- _TASK INSTRUCTIONS_:
After locating the line that contains "this 512×384 image.", transcribe exactly that line and each one after it until the data ends, skipping pictures.

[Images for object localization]

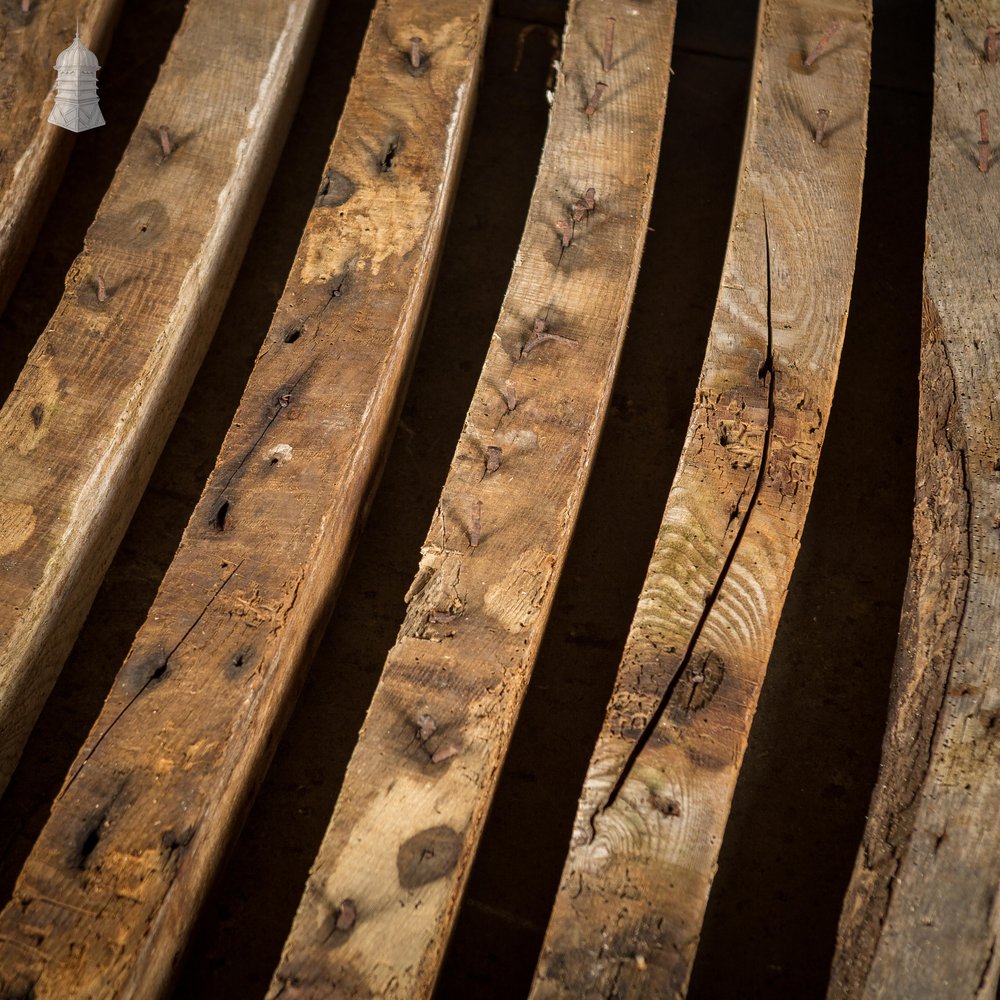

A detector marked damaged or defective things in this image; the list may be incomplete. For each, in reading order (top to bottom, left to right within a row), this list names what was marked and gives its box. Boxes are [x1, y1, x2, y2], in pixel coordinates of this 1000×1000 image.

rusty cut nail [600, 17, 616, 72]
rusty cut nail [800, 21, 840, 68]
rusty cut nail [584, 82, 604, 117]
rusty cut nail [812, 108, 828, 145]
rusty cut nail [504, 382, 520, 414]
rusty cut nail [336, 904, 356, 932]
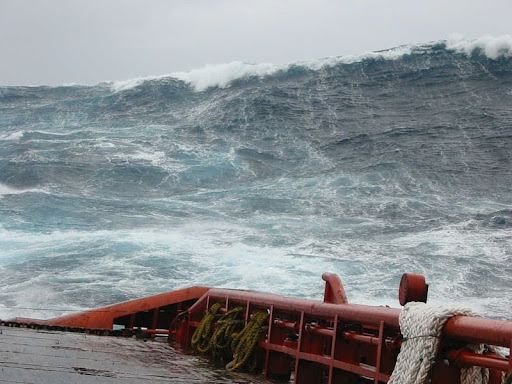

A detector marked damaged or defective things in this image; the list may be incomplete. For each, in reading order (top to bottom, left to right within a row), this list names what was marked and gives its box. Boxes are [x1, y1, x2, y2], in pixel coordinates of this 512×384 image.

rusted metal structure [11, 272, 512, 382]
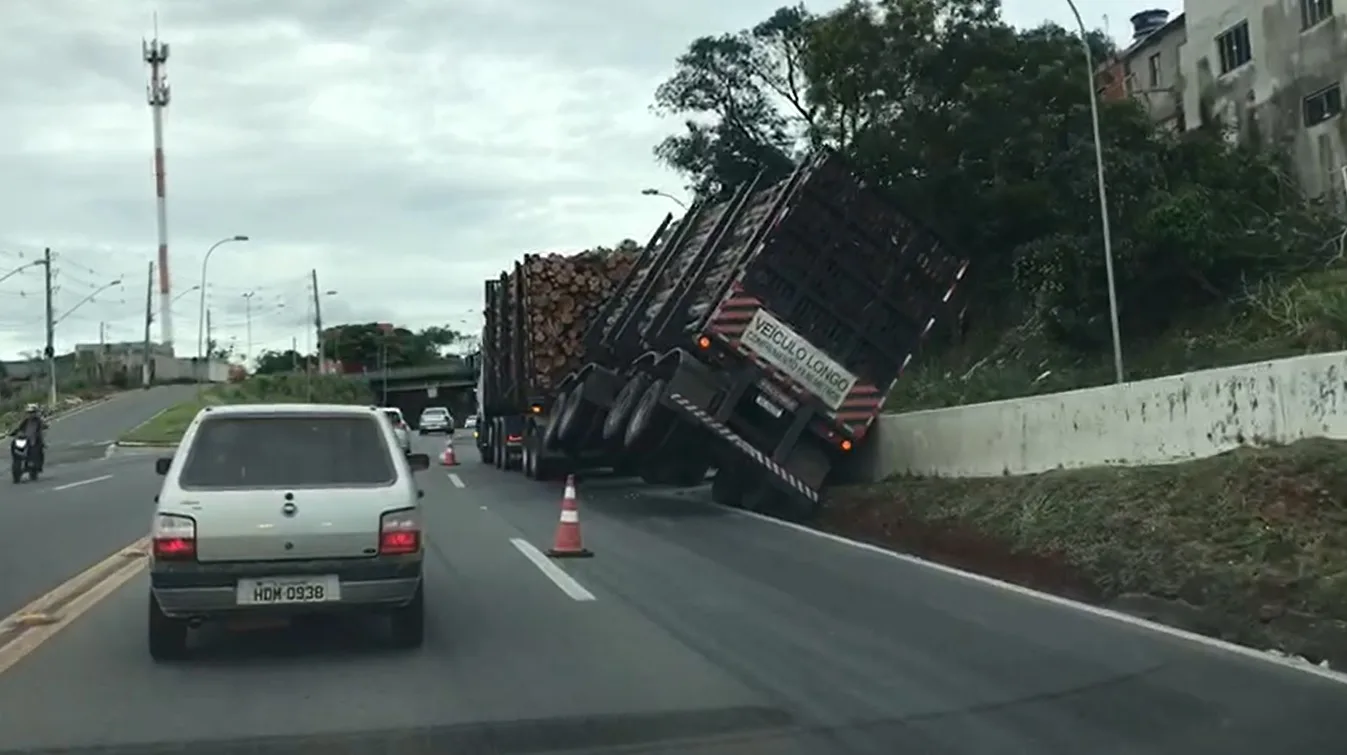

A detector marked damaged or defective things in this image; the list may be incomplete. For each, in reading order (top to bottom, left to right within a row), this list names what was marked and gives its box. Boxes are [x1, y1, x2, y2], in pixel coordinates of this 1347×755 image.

- _FINISHED TASK_:
A detector marked damaged or defective things in this image; the list may be incomplete. For each, in reading order (top to bottom, left to right within a row), this list names what was marked and gives its box. Boxes are [x1, y1, x2, y2], in pixel coordinates of this 512×384 image.

rusted metal structure [11, 272, 512, 382]

A detector marked damaged or defective things in this image; the list may be incomplete. For each, in reading order (top to bottom, left to right within a row), this list names what was marked and gives its box. Boxes are [x1, y1, x2, y2], in pixel coordinates of this 1347×755 image.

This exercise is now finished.